Saturday, December 18, 2010

Gigliuccio Hemstitch - How to

As mentioned previously, the Gigliuccio or Peahole Hemstitch has many different methods of execution. I have tried a few and all have their merits but since so many of you have asked how to do it, I will show you the way I currently like the best. I prepared a brief tutorial last year for an online friend, so I will be using that and elaborating a bit.

You need to prepare your channels of withdrawn thread areas for the first part of the Gigliuccio which is executed in Punto Quadro or Four-Sided Stitch. Again, there are many ways to execute Punto Quadro but I'm going to show you how I have learned it.

For this example we will withdraw one ground thread and skip four, withdraw 8 ground threads, skip four and withdraw one ground thread. The middle part (the 8 threads) can vary depending on the look you want to achieve and the type of fabric you are using. You shouldn't make too wide of a withdrawn area, as your Gigliuccio can be difficult to control.
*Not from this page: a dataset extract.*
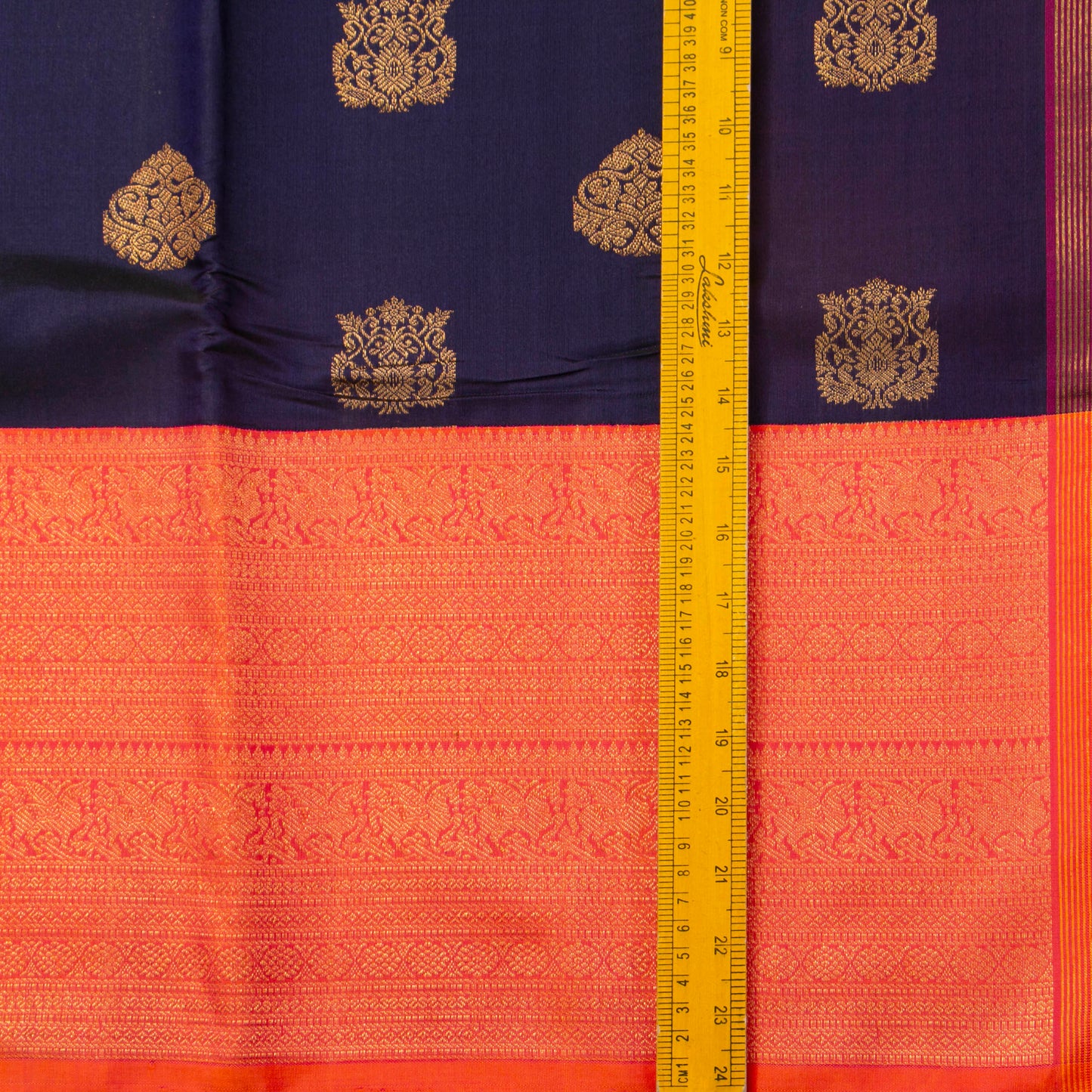 Blue And Pink Kanchipuram Silk Saree For Wedding Wear PV NYC 1573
On the front of the work, let's execute the Punto Quadro. I turn the work so that the part that would be the turned-up hem is on the left-hand side (click on the photo for a closer look):

Here is what the front and back look like when we have completed this row:

Now we return to do the second part which is a combination of Punto Quadro and the Gigliuccio.

We'll do one Punto Quadro as before and half of a second one. Then we're going to wrap around the second bundle of threads once:

Bring the needle around to encircle the two bundles to form a loop with the thread, be careful to go behind the bundles and bring the needle through the loop:

Notice that the needle goes behind the bundles but in front of the thread of the loop - this is important!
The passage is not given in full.